Detak-Palembang.com DUBAI – Setelah 14 tahun absen, Sukhoi telah kembali ke Dubai Airshow dengan demonstrasi salah satu keluarga jet tempur ‘Flanker’ miliknya, Senin (14/11).

seperti dilansir aviationweek.com, meskipun ada koleksi petarung yang luar biasa pada acara tahun ini termasuk China Chengdu J-10, Dassault Rafale Prancis dan F-22 Raptor AS, pilot uji coba layar terbang Sergey Bogdan yang disebut super manuver di Su-35 adalah satu tahun ini paling eye-catching dan dinantikan.

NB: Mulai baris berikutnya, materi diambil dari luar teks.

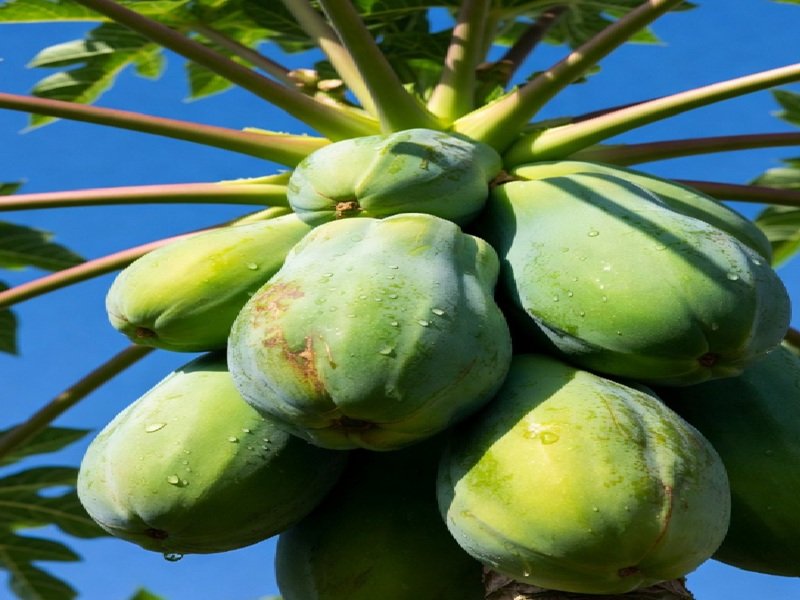 महिलाओं के लिए औषधि है कच्चा पपीता; सेवन से दूर होंगे शरीर के कई रोग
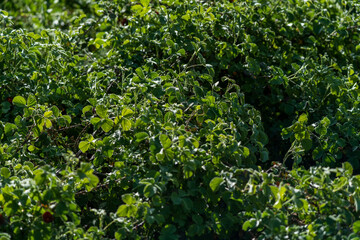 Obraz premium Sunlit Morning Plants with Rain Droplets in Dark and Bright Contrast.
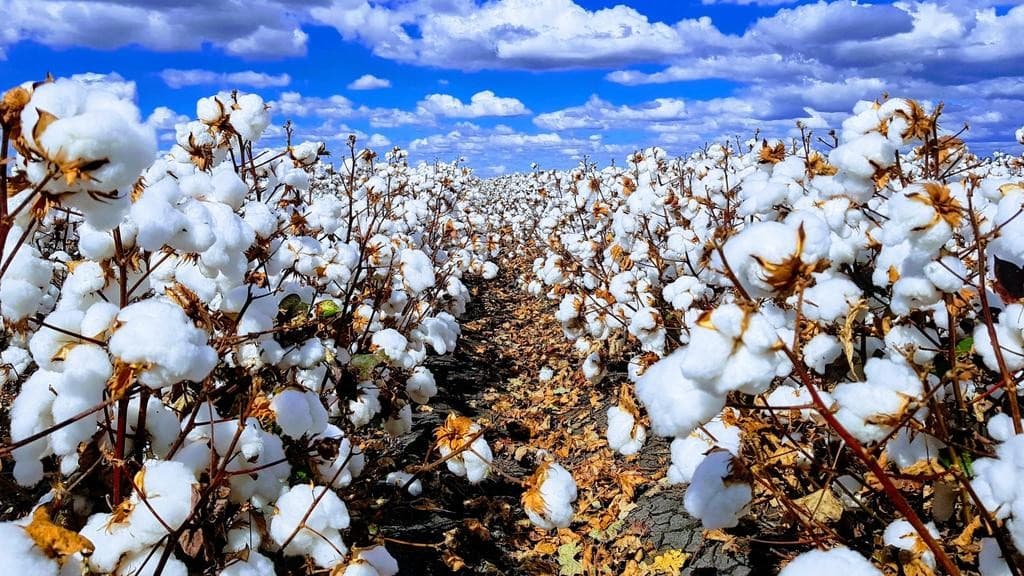Kenya's Cotton Lint Value Soars 70% Amidst Production Surge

Bogdan, yang memiliki 5.800 jam terbang di bawah ikat pinggangnya, adalah pilot uji coba Sukhoi. Dia membawa pesawat Su-35 tinggi-tinggi pada penerbangan perdananya hampir satu dekade yang lalu dan juga menerbangkan Sukhoi T-50 / Su-57.

Berbicara kepada ShowNews, Bogdan mengatakan demonstrasi serupa dengan yang terlihat di Paris Air Show pada 2013. Menendang off dengan take-off pendek, mencapai kecepatan 90 kt. (170 km / jam) dalam 2-3 detik, yang dia katakan, “menunjukkan daya dorong yang tinggi” dari dua mesin Saturnus AL-41, serta kemampuan pesawat terbang untuk beroperasi dari landasan pacu pendek atau yang rusak.

Begitu berada di depan kerumunan, Bogdan melakukan “kecepatan tinggi,” yang menurutnya menunjukkan kemampuan Su-35 untuk “dengan cepat mengubah arah dan mengejar target.”

Sebuah “loop miring” diterbangkan pada sudut serangan hingga 70 derajat, dan kecepatannya bisa turun hingga sekitar 35 kt. (70 km / jam) sedangkan manuver U-turn menunjukkan kemampuan pengendalian pesawat terbang yang tinggi di bawah kondisi Bogdan “abnormal flight,” atau setidaknya tidak normal dibandingkan pesawat sayap kanan lainnya.

Lalu ada apa yang disebut Bogdan manuver ‘Bell’ di mana pesawat tampak berhenti di udara, turun dengan kecepatan kurang dari 50 km / jam.

Kemampuan untuk terbang pada sudut serangan yang sangat tinggi adalah berkat sistem thrust-vectoring tiga dimensi pesawat yang terkait dengan sistem kontrol fly-by-wire pesawat terbang.

“Sistem thrust-vectoring selalu menyala,” kata Bogdan, “sistem kontrol penerbangan fly-by-wire pesawat memutuskan apa yang harus dilakukan dengan nozel dan permukaan kontrol,” bagaimana reaksi terhadap input pilot, katanya.

Pilot memiliki pilihan untuk beralih ke mode supermaneuvrability yang mematikan batas sudut serangan.

Tapi yang ditampilkan di sini di Dubai telah menimbulkan “kekhasan tersendiri”, kata Bogdan, kabut di langit mengakibatkan kurangnya kontras antara langit dan tanah. Mengirimkan Su-35 ke pertunjukan sangat mudah, pesawat yang menghasilkan satu bahan bakar berhenti di kota Astrakhan, Rusia 1 jam. 35 menit. setelah take-off dari Zhukhovsky, Moskow sebelum menyeberang Iran dan mendarat di Dubai, 3 jam, 10 menit. kemudian.